Aucun grand discours n’est venu donner du sens à la crise, alors que l’incertitude aurait mérité autre chose que des déclarations convenues et des consignes techniques. Certes, on n’est pas en guerre. Il n’y a donc pas eu d’appel du 18 juin. Il n’y a pas eu non plus de harangue épique à la hauteur du discours des « heures sombres » prononcé par Winston Churchill le 4 juin 1940 à la Chambre des Communes. Ni d’exposé grave comme celui de Franklin Roosevelt le 6 janvier 1941 sur les Quatre libertés, dont celles, tellement d’actualité, de « vivre à l’abri du besoin et à l’abri de la peur ».
Mais, diront certains, pourquoi faudrait-il évoquer cette grandiloquence d’antan, alors que l’on demande essentiellement « un peu de bon sens » et « un retour à la normalité »? N’a-t-on pas besoin d’abord de compétence et de cohérence? De praticiens de la bonne gouvernance plutôt que de philosophes de la bien-pensance? A court terme, oui, le plus vite possible, oui.
Toutefois, le Covid, même s’il s’affadit ou s’éteint, laissera inévitablement des traces qui ne s’effaceront pas aussi vite que le souhaiteraient les partisans du retour à la normalité. Car si la gestion de la pandémie, écrivions-nous dans une précédente chronique, est le révélateur d’une longue fuite en avant, elle est aussi un avant-goût de crises bien plus compliquées encore et pour lesquelles nous ne sommes guère préparés. Des crises que nous rappelait mardi la Direction des agences de renseignements américains dans son « évaluation annuelle de la menace ». Comme le changement climatique, les mouvements migratoires massifs, la cyberguerre, le terrorisme et la puissance globale de la Chine. Comme le basculement social et sociétal qu’annoncent l’intelligence artificielle et la robotisation. Ou l’impasse dans laquelle nous entraine inexorablement un « modèle » fondé essentiellement sur l’exploitation de ressources non renouvelables.
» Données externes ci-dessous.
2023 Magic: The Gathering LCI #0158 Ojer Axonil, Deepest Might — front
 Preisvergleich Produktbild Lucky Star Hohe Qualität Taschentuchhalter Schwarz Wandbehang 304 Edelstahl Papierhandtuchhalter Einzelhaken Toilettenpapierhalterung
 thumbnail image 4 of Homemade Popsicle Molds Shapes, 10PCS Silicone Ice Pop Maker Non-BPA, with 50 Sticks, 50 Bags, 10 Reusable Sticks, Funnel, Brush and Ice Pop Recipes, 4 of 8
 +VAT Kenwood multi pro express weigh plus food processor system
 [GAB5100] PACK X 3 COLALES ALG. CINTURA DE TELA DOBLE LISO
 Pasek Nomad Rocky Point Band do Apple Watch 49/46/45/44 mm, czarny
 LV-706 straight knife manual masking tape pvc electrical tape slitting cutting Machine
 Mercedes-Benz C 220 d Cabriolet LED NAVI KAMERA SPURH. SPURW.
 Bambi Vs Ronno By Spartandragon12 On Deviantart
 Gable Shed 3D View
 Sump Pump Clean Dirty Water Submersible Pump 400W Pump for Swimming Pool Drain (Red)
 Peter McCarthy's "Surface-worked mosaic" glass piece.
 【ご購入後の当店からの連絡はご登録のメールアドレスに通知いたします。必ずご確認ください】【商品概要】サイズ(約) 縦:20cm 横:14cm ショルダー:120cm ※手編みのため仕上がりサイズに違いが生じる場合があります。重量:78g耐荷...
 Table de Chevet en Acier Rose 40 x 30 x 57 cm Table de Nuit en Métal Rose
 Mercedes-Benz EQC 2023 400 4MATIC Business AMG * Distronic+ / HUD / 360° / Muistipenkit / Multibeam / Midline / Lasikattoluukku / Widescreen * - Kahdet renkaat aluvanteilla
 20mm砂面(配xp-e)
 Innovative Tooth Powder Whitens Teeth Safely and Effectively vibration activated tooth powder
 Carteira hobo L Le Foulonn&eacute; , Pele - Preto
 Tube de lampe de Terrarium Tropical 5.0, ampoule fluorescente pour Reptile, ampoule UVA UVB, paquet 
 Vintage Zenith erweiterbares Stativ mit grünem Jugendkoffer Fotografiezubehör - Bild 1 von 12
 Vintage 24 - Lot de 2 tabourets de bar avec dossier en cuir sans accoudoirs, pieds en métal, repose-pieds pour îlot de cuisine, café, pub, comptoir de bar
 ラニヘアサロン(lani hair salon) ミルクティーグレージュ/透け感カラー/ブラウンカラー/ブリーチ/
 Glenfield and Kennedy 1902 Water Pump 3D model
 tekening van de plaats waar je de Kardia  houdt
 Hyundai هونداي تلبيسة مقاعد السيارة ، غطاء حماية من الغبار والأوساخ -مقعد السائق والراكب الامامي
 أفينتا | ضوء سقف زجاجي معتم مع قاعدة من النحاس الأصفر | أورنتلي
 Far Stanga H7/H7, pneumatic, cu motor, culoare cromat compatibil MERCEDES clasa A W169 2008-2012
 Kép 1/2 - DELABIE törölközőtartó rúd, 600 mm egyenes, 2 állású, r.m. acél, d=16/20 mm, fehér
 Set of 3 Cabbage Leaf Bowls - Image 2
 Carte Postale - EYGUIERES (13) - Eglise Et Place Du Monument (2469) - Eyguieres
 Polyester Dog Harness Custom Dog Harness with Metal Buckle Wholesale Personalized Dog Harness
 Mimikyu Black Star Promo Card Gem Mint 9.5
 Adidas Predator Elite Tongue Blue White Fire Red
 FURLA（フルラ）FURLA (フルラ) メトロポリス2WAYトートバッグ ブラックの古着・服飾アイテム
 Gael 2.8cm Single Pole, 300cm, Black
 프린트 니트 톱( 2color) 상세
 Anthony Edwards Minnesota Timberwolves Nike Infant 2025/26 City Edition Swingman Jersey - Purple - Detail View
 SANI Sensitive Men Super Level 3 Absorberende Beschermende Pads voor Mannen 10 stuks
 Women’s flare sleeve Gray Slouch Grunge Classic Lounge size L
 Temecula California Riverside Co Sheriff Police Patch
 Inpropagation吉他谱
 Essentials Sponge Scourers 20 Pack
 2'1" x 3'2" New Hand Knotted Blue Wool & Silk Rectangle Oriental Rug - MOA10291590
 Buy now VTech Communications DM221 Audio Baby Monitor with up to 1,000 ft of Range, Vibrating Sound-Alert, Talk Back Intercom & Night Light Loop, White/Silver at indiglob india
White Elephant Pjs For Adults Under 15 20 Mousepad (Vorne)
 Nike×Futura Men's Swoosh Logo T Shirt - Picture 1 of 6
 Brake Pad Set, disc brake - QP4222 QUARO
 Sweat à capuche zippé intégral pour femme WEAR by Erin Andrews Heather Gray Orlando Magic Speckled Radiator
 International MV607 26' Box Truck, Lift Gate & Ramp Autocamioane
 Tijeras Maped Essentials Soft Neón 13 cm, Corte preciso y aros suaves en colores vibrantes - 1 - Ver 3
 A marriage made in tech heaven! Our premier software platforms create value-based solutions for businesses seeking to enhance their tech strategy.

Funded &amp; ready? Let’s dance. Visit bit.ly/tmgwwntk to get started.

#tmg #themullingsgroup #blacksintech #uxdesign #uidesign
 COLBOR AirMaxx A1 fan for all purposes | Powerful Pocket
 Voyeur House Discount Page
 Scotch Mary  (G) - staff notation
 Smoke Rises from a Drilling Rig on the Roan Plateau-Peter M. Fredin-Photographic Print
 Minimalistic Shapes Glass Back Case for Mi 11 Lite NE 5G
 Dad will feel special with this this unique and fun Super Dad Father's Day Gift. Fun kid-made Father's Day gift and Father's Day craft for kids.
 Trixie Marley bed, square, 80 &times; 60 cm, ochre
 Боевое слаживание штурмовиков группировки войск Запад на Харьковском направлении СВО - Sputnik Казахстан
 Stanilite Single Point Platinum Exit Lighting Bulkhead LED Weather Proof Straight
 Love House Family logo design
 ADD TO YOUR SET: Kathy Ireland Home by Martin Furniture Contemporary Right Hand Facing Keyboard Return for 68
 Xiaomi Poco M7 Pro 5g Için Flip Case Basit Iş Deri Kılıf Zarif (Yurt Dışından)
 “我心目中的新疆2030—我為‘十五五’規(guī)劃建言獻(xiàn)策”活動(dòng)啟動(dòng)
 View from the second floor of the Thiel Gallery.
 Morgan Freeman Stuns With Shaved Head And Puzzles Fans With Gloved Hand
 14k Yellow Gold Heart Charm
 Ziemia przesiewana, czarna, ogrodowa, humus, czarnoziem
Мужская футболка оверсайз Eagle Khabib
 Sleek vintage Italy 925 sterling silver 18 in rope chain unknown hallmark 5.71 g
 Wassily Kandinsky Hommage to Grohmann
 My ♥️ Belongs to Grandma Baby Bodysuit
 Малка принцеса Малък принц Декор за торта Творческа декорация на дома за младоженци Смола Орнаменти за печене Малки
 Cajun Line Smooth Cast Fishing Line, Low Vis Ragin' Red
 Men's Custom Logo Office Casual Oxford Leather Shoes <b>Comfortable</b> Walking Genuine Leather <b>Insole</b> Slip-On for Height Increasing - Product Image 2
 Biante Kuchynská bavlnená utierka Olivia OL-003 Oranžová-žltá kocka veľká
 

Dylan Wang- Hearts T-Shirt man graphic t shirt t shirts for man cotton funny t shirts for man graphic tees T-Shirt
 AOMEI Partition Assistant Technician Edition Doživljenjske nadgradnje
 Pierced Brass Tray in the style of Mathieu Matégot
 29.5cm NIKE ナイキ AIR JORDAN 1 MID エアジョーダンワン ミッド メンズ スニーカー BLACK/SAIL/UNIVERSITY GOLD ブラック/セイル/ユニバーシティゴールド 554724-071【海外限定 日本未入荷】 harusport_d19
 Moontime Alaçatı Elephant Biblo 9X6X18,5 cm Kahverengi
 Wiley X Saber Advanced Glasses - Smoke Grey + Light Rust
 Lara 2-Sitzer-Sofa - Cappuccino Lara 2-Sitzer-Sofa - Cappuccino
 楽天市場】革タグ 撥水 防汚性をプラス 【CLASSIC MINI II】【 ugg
C’est dans ces moments de confusion qu’on se prend à s’interroger sur la discrétion des partis politiques démocratiques, dont aucun ne semble clairement insérer cette crise ni celles qui viennent dans une vision qui, à la fois, inspire, défie et rassure. Comme si l’on estimait « en haut lieu » qu’une population accro aux réseaux sociaux préfère les influenceurs aux penseurs, les tweets aux manifestes. Ou plus gravement, que la désillusion à l’égard des « grandes idées » impose la modestie, voire la lésinerie de la pensée.
Et pourtant, la « vision thing », comme disent les Américains, la Weltanschauung chère aux philosophes allemands, est essentielle à l’action politique. Le Président américain semble l’avoir mieux compris que d’autres et c’est sans doute l’une des raisons pour lesquelles il bénéficie au sein du Parti démocrate d’une popularité exceptionnelle. Même s’il n’a pas donné à sa politique un nom mythique à la mesure du New Deal de Franklin Roosevelt ou de la Nouvelle Frontière de John Kennedy, il esquisse un projet qui s’émancipe de la mélancolie démocratique et offre à ses partisans une feuille de route et une raison de marcher.
Déjà, dans son discours inaugural en janvier dernier, plutôt que de proposer une liste de politiques à suivre, il avait choisi d’exposer les principes et les sentiments qui allaient influencer sa présidence: l’intérêt général, le respect, l’écoute, l’unité. Banal? Naïf? Peut-être, mais sans cette « coupole » porteuse d’aspirations morales et civiques, les politiques apparaissent inévitablement plus partisanes. C’est aussi au nom de ces idées faîtières que les mesures pratiques prennent tout leur sens.
Ainsi, dans un pays tourmenté par la « question raciale », un enjeu auquel le Parti démocrate a trop longtemps voulu répondre uniquement par la « diversité », Joe Biden réintroduit la « question sociale », indispensable à la notion d’égalité. Dans un pays qui statufie « l’individualiste rugueux », il affirme la légitimité de l’Etat actif et protecteur et en appelle à la solidarité, récoltant au passage le satisfecit de Noam Chomsky. « C’est beaucoup mieux que ce que j’attendais », confiait le gourou de la gauche radicale. « Il surprend par son audace et sa rapidité », renchérissait Le Monde début avril. Les classes populaires et moyennes sont remises au cœur des préoccupations publiques ».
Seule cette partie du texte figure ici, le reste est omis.